A dinâmica em torno do cuidado com os filhos e a desigualdade nas cobranças conforme o gênero ganharam destaque na última semana, com o caso da velocista Flávia Maria de Lima, que participou da prova dos 800 metros no atletismo feminino nos Jogos Olímpicos de Paris, que termina neste próximo domingo. Ela revelou, numa entrevista, que o ex-marido alegou abandono parental ao protocolar todas as suas viagens a trabalho em uma ação pela guarda da filha, de 6 anos.
Nas redes, a atleta, que terminou em 15º lugar na competição e não disputou as finais, recebeu apoio de anônimos e famosos, como Paolla Oliveira e Samara Felippo.
A boa notícia é que, segundo a advogada Ana Borela, especialista em Direito de Família, há questões muito mais relevantes a serem levadas em conta no processo de decisão de guarda da criança. “Nesses casos, o juiz analisa qual genitor tem mais condições de prover um ambiente seguro para o filho, avaliando situação financeira e afeto, entre outros fatores”, explica. “Não faz sentido que uma das partes seja penalizada por viagens a trabalho, algo pontual e temporário.”
Carol Barcellos, repórter da TV Globo que cobriu o evento em Paris, repercutiu o desafio de Flávia fora das pistas. “É chocante que em Jogos Olímpicos igualitários tenhamos esse tipo de caso. Imagino que ter pai ou mãe atleta deva ser uma grande referência e motivo de muito orgulho, não algo que precise ser punido porque envolve viagens”, comenta.

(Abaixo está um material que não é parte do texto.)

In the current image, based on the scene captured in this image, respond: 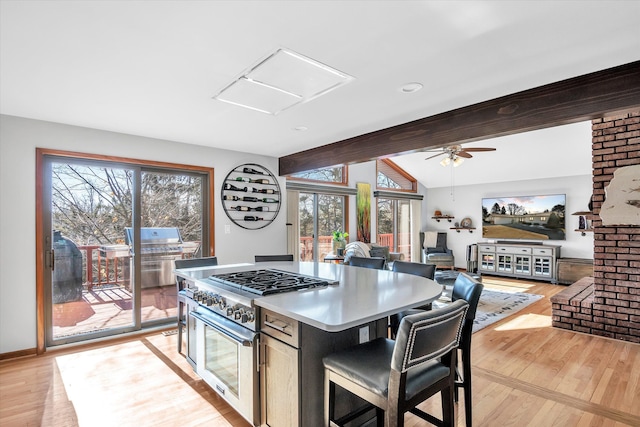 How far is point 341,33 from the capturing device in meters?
1.81

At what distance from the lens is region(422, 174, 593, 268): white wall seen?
23.1 feet

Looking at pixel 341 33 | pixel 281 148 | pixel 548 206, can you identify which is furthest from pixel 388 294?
pixel 548 206

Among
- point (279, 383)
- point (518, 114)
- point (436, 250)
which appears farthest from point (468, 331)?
point (436, 250)

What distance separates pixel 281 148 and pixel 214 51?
255cm

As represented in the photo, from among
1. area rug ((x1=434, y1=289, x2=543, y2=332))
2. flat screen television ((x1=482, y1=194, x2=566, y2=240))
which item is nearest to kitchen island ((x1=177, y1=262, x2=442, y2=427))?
area rug ((x1=434, y1=289, x2=543, y2=332))

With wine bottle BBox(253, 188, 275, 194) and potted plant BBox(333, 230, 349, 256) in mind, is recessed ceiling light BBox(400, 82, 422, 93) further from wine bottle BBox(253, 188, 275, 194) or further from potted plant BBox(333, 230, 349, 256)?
potted plant BBox(333, 230, 349, 256)

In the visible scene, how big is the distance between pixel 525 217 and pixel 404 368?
7.65 meters

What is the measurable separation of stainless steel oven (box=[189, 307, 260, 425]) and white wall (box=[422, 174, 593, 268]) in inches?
302

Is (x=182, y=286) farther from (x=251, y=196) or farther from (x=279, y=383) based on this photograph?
(x=251, y=196)

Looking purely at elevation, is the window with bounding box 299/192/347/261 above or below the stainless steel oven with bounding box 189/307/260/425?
above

Mãe de Julia, de 12 anos, a jornalista também já ouviu comentários desagradáveis sobre a rotina de viagens a trabalho, que a impediu de comparecer a aniversários, eventos e apresentações na escola da menina. “Não gosto de falar que estive ausente, porque acho que a presença não se faz só fisicamente e o dia inteiro. Às pessoas que falam ‘caramba, mas você não fica chateada?’, tenho uma resposta padrão e espontânea: ‘é o meu trabalho’. Não é fácil, essa distância também se torna um desafio profissional para nós”, diz Carol, que chegou a passar 45 dias no Japão, durante os Jogos Olímpicos de Tóquio, em 2021. Além disso, participou de coberturas em Copas do Mundo e em Olimpíada de Inverno.

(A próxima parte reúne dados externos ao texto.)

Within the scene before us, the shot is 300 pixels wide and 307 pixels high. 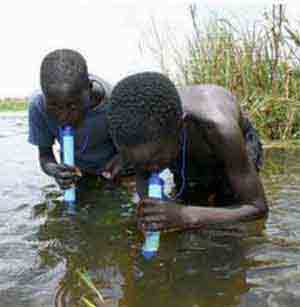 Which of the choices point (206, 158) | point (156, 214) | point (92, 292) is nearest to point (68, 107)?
point (206, 158)

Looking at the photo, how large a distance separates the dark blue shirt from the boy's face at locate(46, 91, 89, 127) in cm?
43

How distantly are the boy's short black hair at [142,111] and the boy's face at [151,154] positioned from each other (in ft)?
0.09

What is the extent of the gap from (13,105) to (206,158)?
17884 mm

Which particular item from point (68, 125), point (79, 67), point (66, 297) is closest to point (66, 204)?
point (68, 125)

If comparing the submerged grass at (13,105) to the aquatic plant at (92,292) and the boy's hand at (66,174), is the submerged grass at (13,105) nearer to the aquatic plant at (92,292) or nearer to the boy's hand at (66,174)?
the boy's hand at (66,174)

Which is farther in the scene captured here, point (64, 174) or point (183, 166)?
point (64, 174)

Diretora do documentário “Incondicional: o mito da maternidade”, com previsão de estreia para o fim do ano, Patrícia Fróes, de 39 anos, tem uma rede de apoio familiar, além do ex-marido, para ajudar nos cuidados com o filho Lino, de 9 anos, quando precisa apresentar projetos em festivais pelo Brasil e no exterior. A carioca observa que os comentários mais controversos vêm, principalmente, de mulheres. “Vivemos numa sociedade que nos é imposta essa pressão. Então, é algo que já está introjetado na realidade de muitas delas”, afirma.
Maria Carolina Medeiros, professora da Fundação Getúlio Vargas e especialista em socialização feminina, culpa a “natureza misógina da sociedade, que sempre tenta colocar a mulher num lugar de subalternidade” pelas críticas à dupla jornada da mãe que também é uma profissional. “Ela pode ir para uma Olimpíada, desde que não deixe de desempenhar o papel de mãe. No esporte, já evoluímos muito. Mas, fora dele, quantas outras lutas as mulheres ainda vão precisar vencer nesse remar contra a a maré?”